> Problem requirements:
Starting at the line that contains "Chủ tịch Hội" and stopping at the line that contains "חדר סטנדרט לארבעה, Visnyó Vendégház", transcribe every line of the material below exactly; pictures stay out.

> Input records:
______

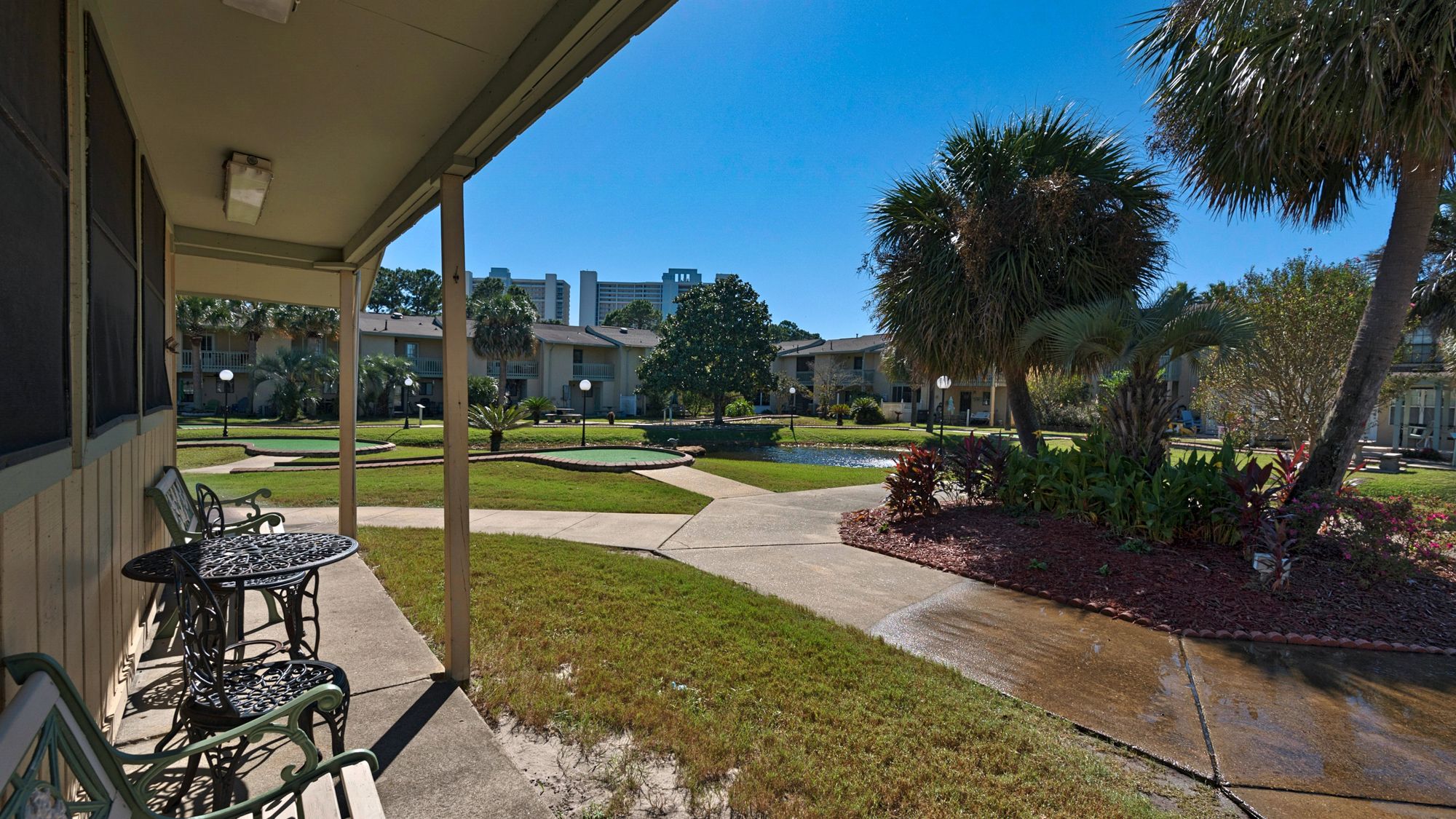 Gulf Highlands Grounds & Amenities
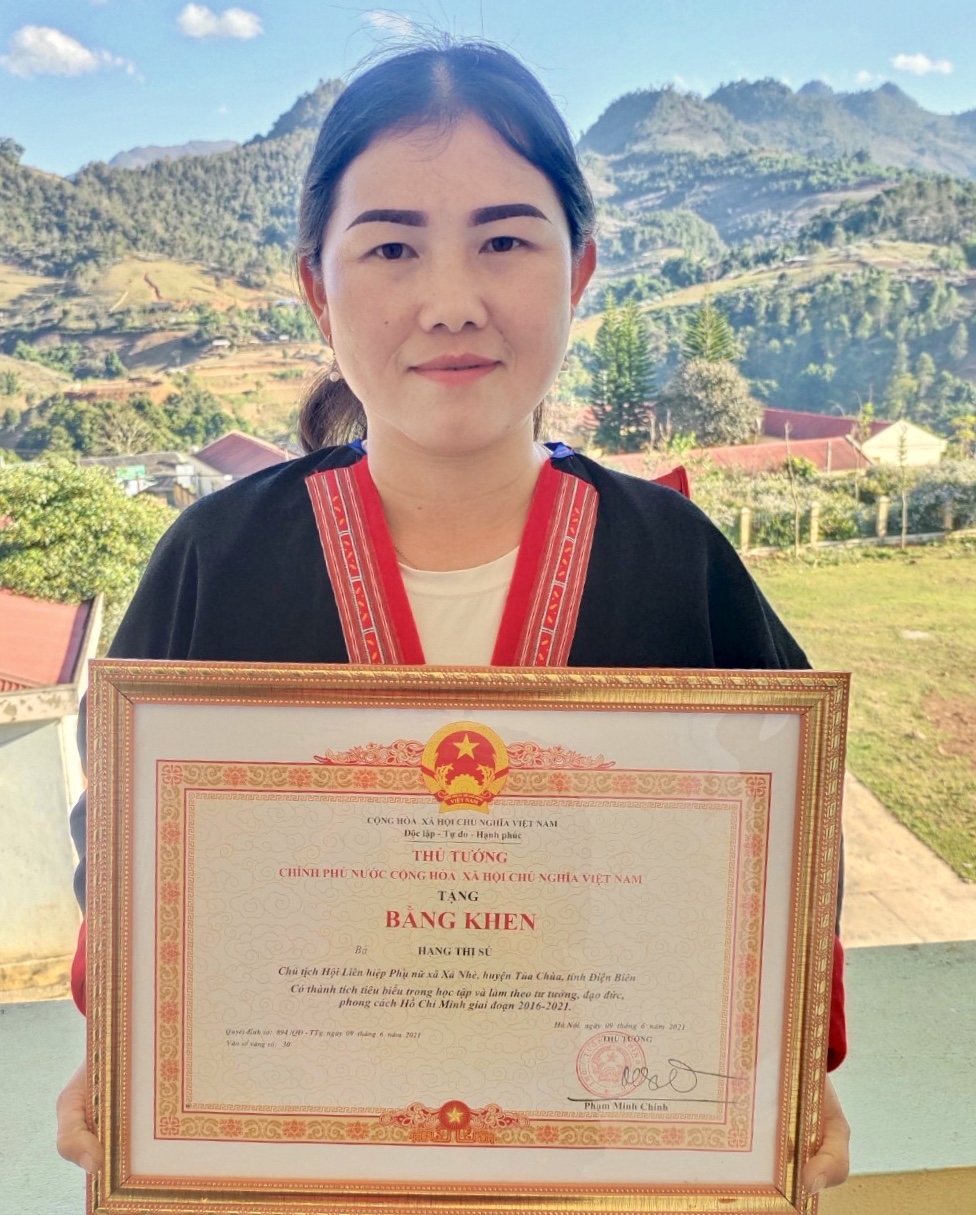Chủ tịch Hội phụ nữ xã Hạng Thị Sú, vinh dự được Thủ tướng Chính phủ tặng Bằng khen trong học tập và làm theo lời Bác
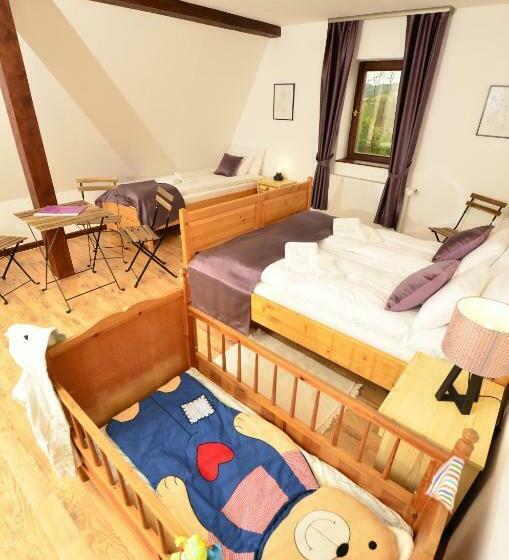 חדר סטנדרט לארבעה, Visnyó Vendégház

______

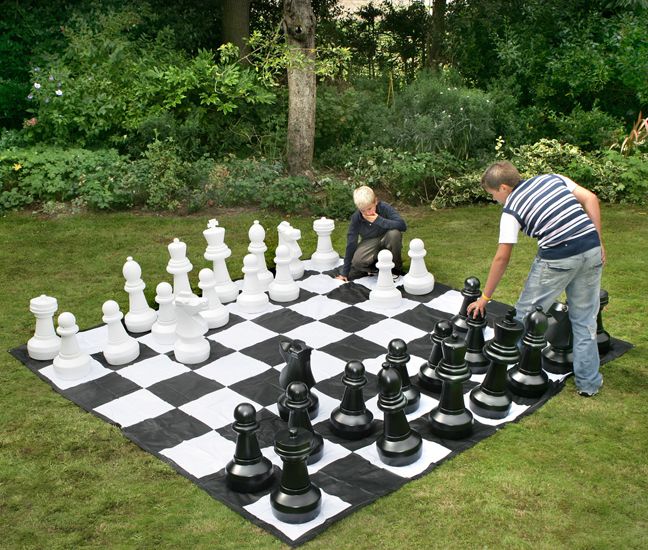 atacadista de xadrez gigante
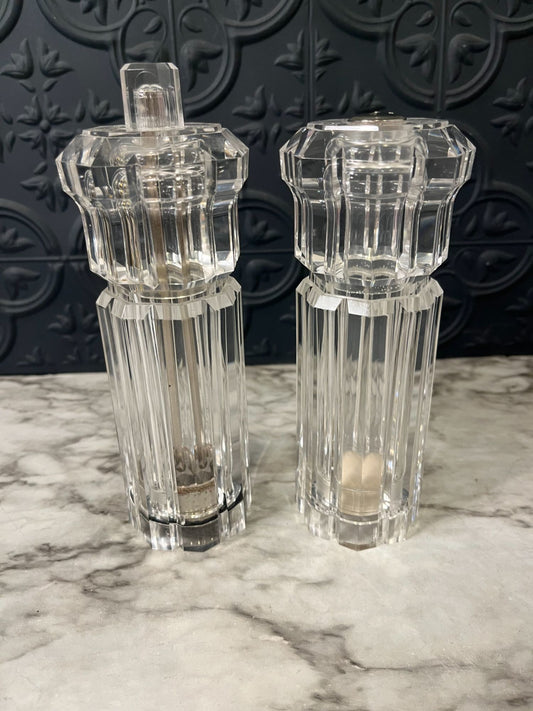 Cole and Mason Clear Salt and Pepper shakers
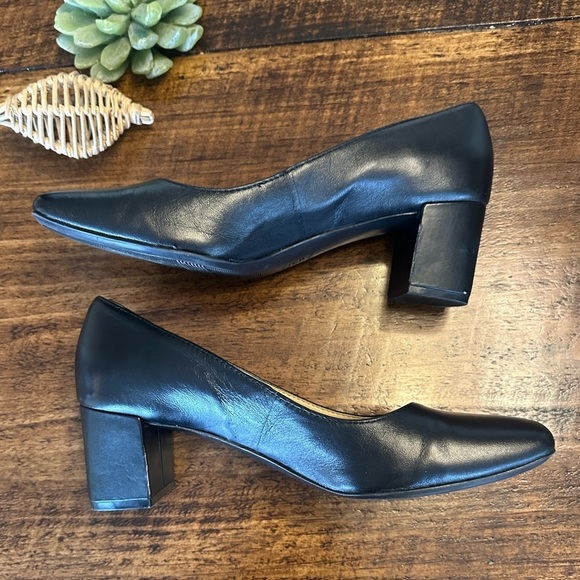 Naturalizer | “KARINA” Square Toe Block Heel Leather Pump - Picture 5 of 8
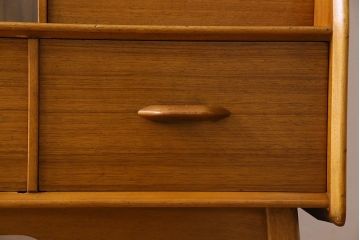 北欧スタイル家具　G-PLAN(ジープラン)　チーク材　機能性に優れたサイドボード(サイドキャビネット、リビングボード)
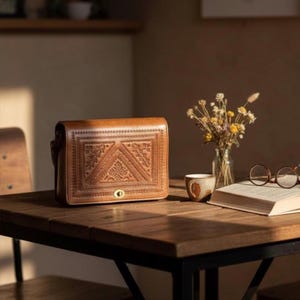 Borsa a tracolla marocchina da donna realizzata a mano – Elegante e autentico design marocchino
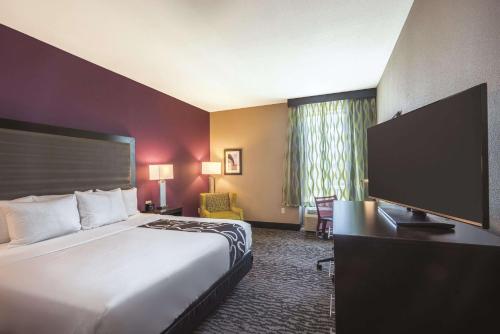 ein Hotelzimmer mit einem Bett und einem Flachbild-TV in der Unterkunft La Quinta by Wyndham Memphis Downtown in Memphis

______

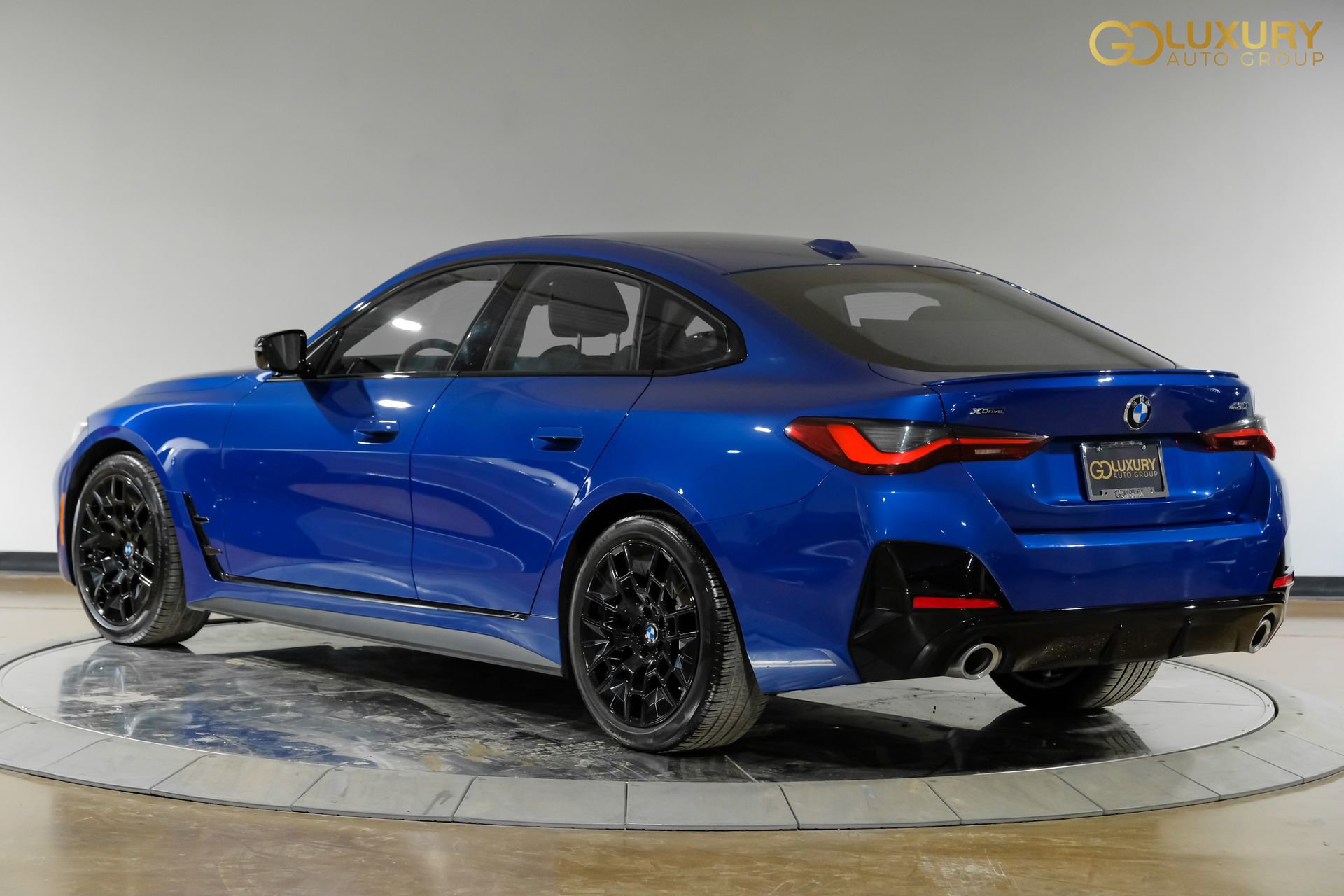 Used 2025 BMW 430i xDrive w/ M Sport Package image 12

______

> Reply to the exercise:
Chủ tịch Hội phụ nữ xã Hạng Thị Sú, vinh dự được Thủ tướng Chính phủ tặng Bằng khen trong học tập và làm theo lời Bác
 חדר סטנדרט לארבעה, Visnyó Vendégház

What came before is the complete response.